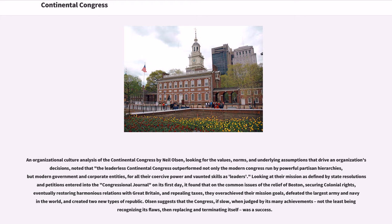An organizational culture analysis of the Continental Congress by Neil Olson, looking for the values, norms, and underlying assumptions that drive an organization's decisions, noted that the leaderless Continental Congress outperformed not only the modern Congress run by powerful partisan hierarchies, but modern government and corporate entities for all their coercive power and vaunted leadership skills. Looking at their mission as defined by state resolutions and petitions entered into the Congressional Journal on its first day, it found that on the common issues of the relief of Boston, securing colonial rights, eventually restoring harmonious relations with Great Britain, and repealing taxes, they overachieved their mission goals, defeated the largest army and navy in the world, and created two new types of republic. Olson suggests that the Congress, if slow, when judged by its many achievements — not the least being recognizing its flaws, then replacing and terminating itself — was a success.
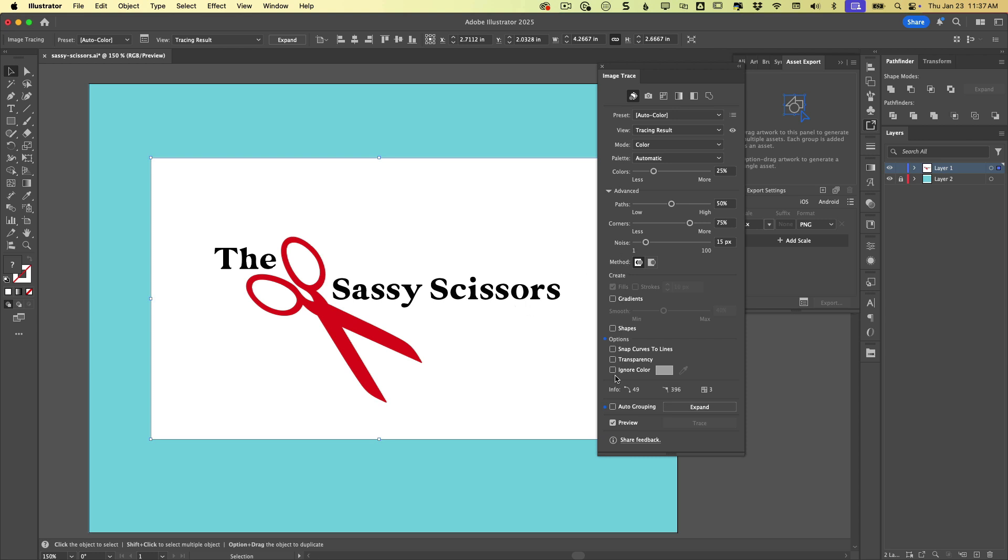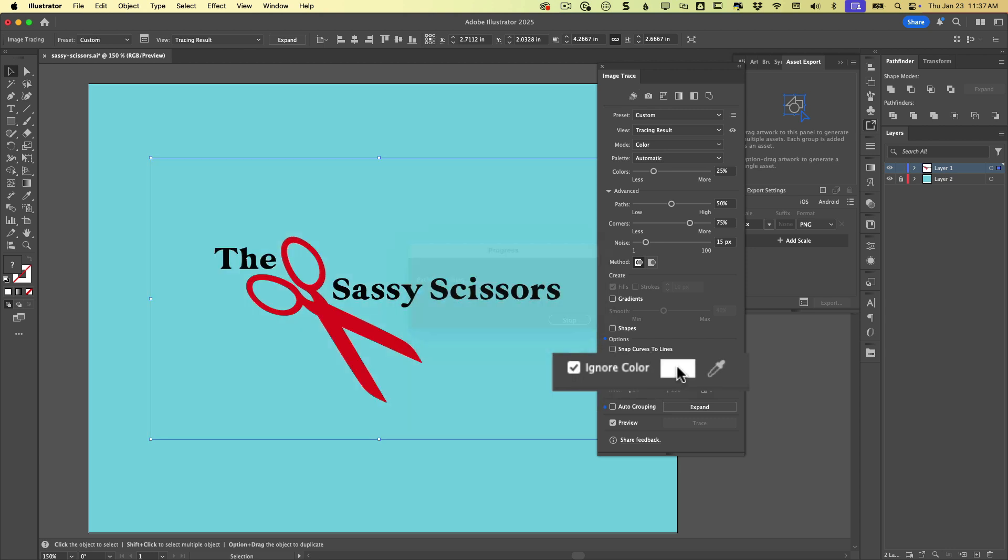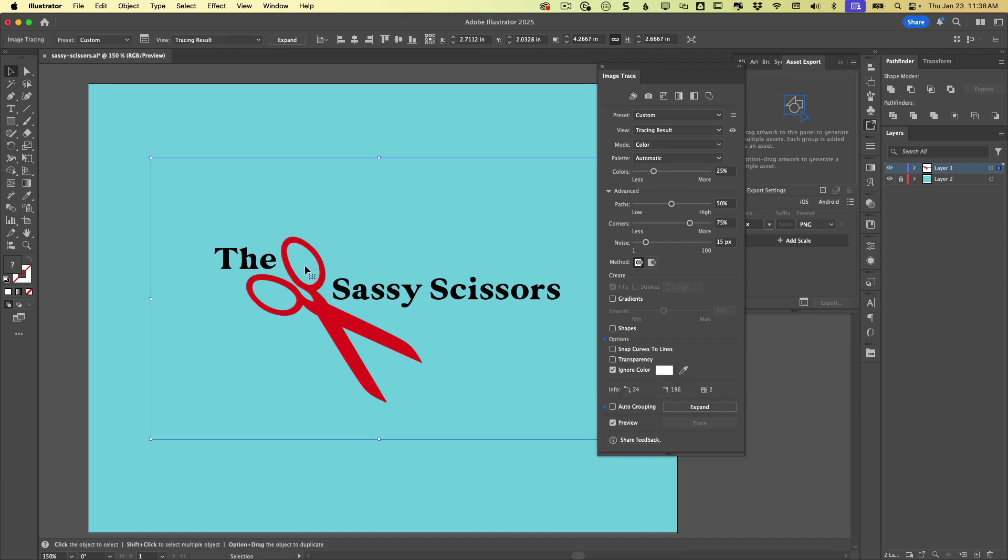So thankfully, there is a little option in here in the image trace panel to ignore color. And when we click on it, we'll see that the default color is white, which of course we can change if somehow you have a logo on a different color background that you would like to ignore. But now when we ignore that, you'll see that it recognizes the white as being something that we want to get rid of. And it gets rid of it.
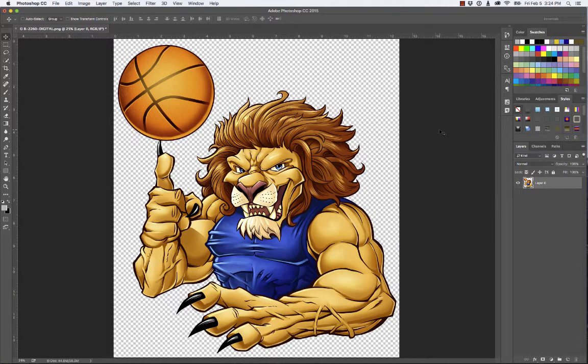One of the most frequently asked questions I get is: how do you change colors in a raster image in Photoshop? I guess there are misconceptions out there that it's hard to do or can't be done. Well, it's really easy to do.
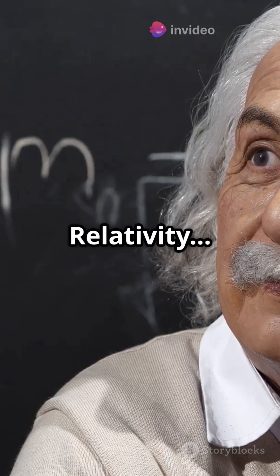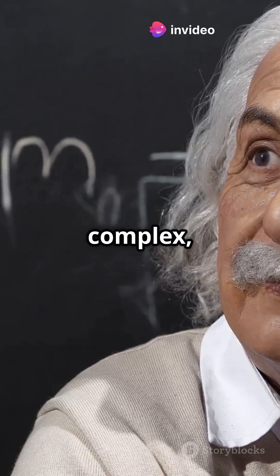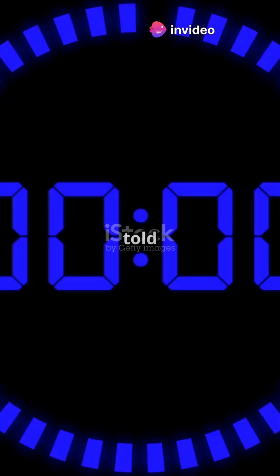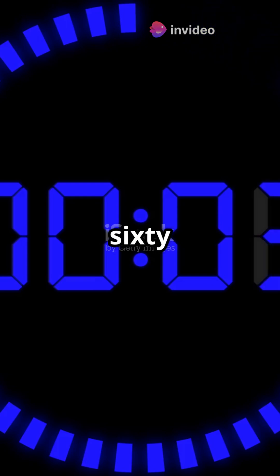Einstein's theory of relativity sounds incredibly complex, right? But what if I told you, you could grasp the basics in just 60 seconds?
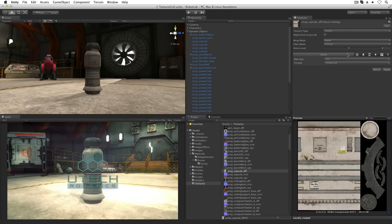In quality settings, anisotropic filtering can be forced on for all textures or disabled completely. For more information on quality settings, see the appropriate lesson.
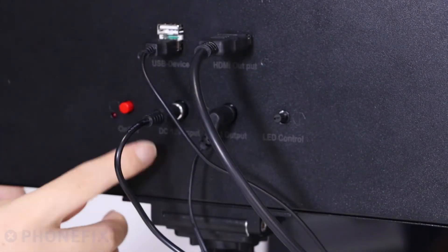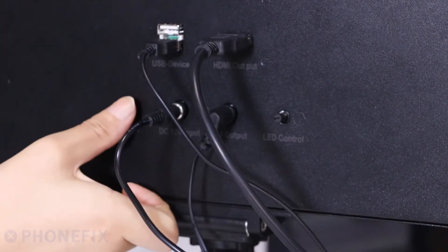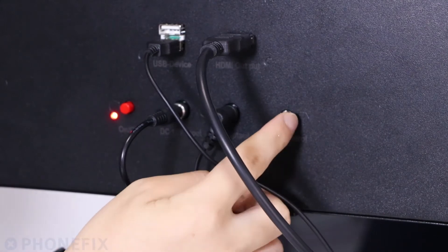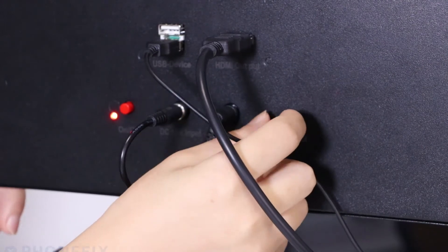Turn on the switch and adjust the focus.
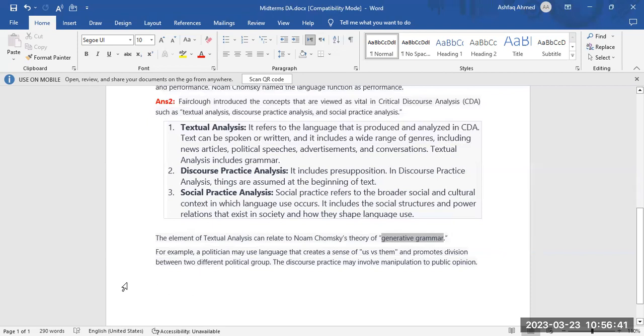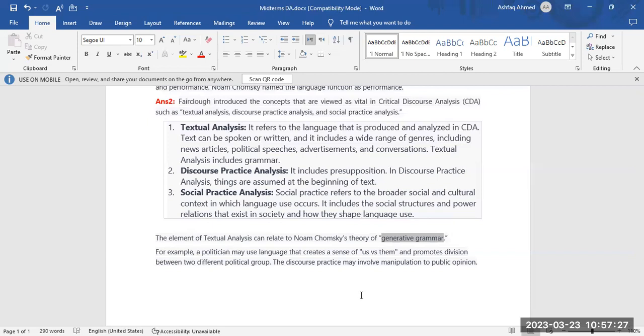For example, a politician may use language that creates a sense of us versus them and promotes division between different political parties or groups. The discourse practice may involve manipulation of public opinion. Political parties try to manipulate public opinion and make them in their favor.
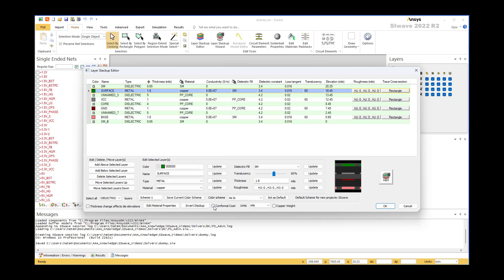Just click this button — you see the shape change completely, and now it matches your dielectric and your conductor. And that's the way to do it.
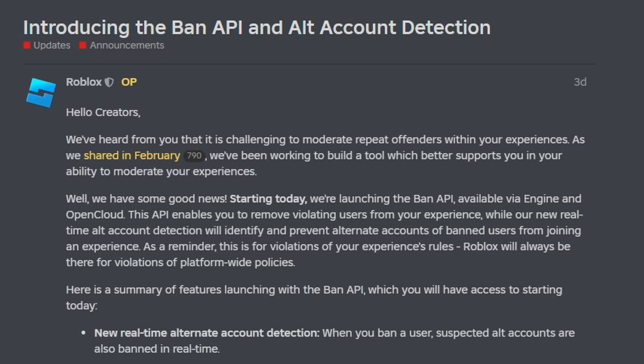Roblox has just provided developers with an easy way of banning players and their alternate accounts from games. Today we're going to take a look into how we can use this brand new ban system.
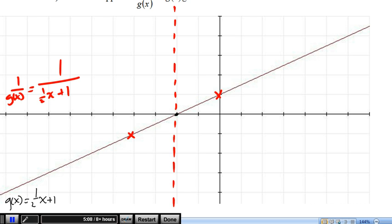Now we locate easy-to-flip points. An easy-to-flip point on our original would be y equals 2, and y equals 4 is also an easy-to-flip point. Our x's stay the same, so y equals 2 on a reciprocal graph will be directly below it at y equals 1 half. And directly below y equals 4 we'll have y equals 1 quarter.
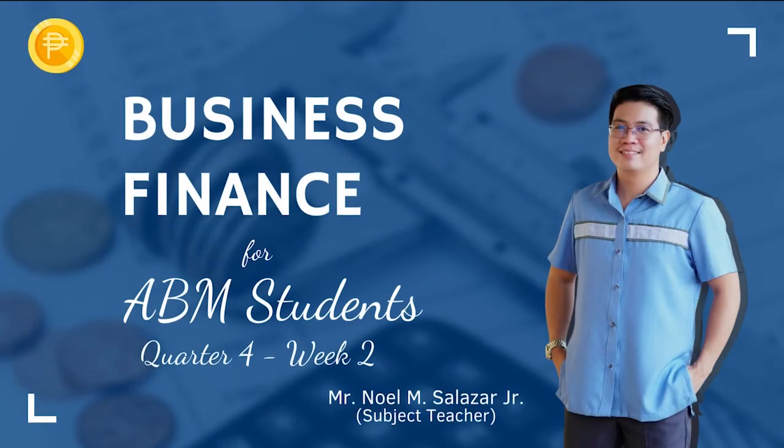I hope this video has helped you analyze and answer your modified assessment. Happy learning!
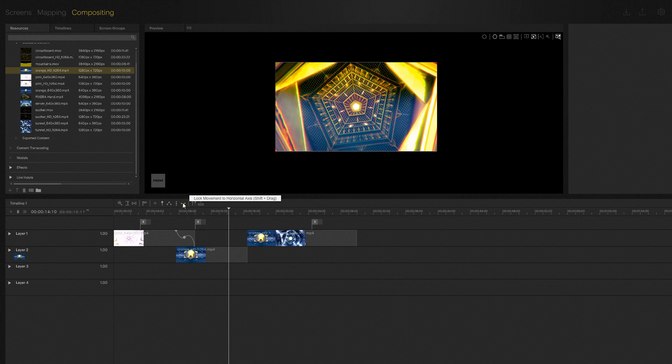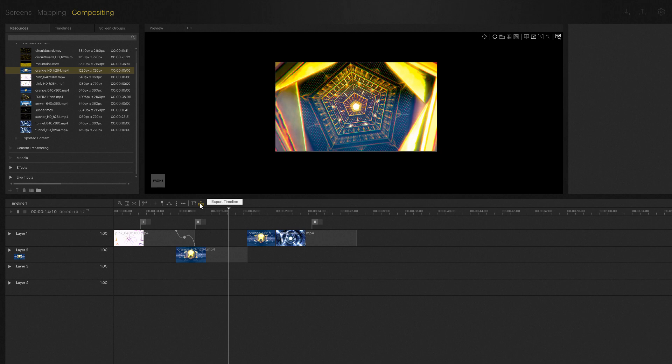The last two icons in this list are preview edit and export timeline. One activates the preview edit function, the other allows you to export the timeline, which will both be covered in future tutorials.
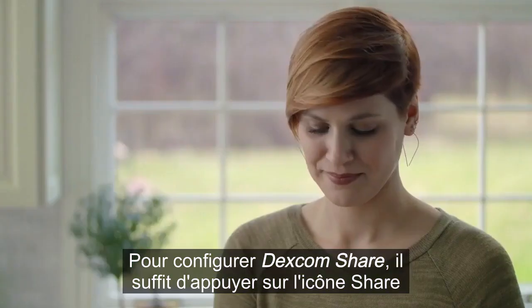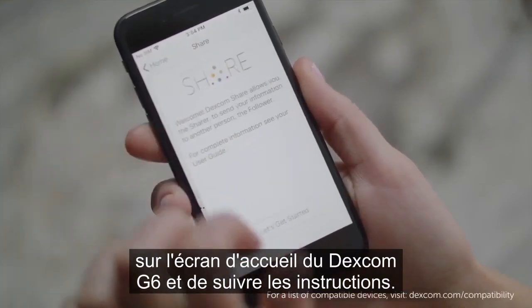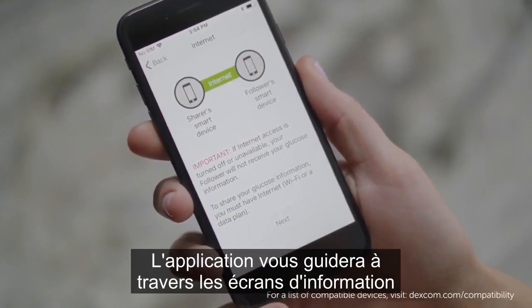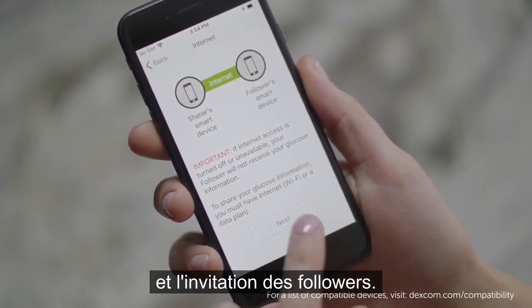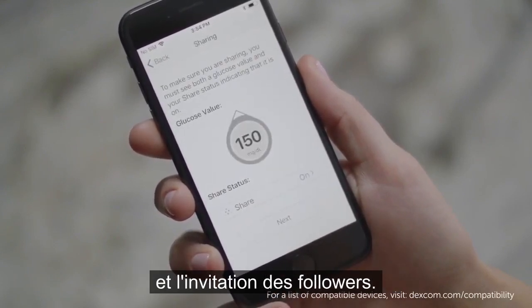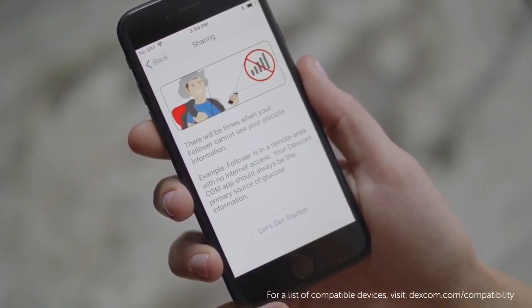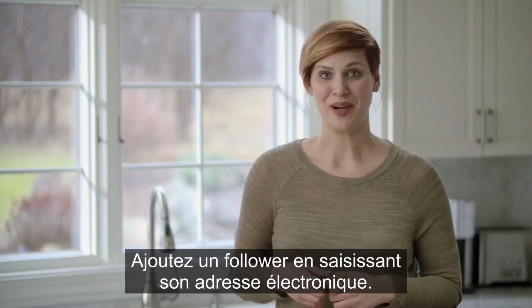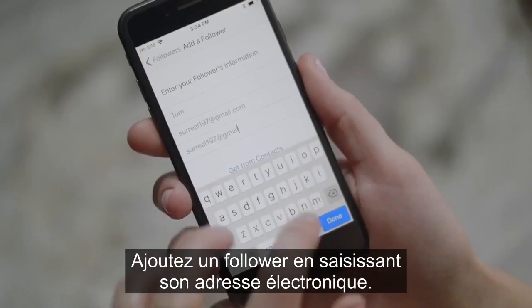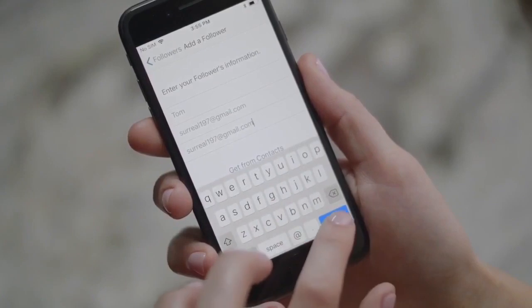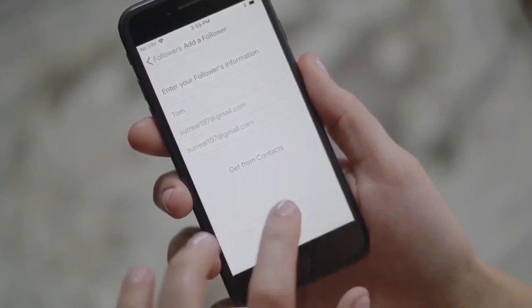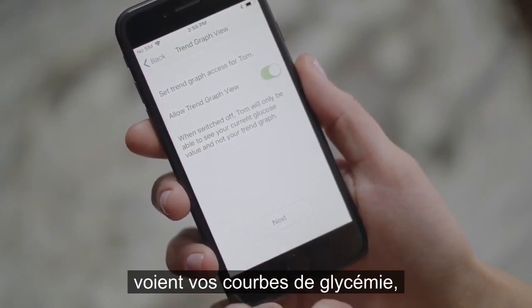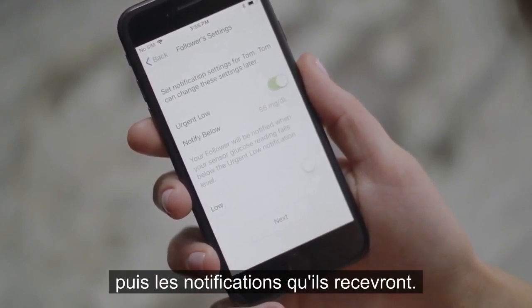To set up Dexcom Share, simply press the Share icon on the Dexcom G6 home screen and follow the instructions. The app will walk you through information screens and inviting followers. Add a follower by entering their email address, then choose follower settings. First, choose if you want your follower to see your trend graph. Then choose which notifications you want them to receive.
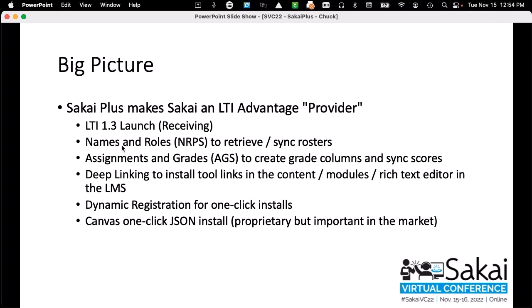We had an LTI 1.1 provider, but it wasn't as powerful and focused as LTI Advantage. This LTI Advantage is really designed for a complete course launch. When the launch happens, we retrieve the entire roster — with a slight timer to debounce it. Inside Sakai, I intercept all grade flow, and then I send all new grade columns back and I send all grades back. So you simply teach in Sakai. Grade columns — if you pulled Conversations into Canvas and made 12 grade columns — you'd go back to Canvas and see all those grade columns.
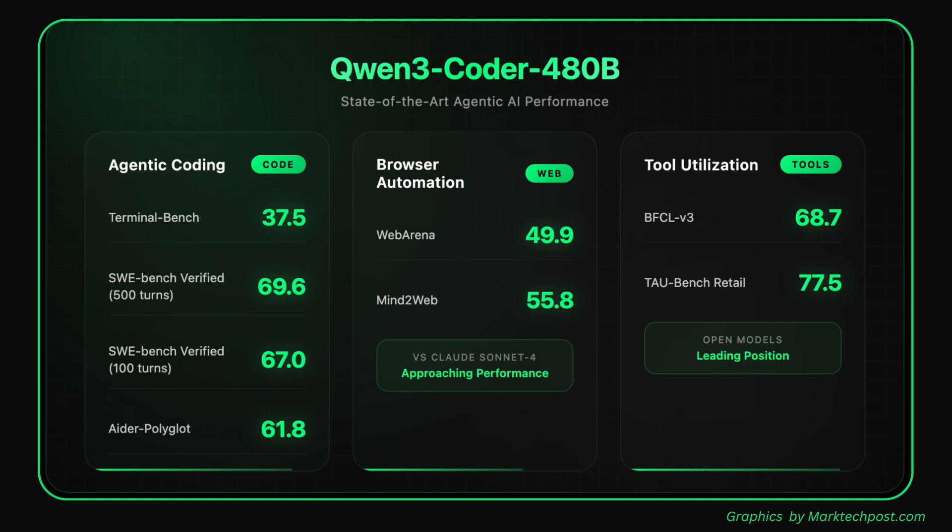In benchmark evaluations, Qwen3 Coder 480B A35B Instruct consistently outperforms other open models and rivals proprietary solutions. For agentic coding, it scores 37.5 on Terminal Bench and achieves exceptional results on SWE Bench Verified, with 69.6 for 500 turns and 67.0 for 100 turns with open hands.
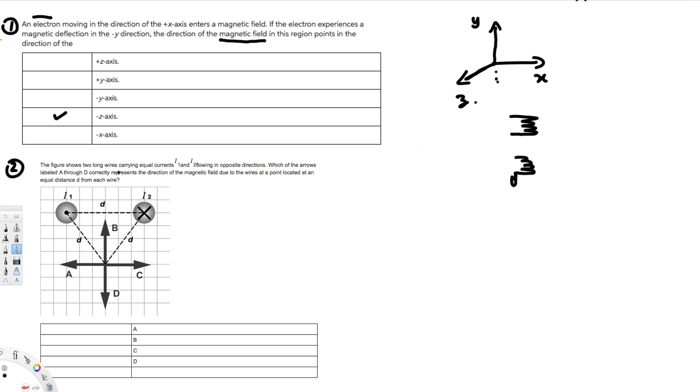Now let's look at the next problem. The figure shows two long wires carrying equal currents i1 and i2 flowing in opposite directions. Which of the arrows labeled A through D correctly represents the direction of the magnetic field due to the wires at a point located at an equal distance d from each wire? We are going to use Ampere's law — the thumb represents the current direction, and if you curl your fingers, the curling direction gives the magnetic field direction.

◆ **Problem statement**:
The lines above starting at the one that holds "In quality settings, anisotropic" and ending at the one that holds "Turn on the switch and adjust the focus." are to be written out exactly, ends included, and no pictures are to be copied.

◆ **Exercise output**:
In quality settings, anisotropic filtering can be forced on for all textures or disabled completely. For more information on quality settings, see the appropriate lesson.
Turn on the switch and adjust the focus.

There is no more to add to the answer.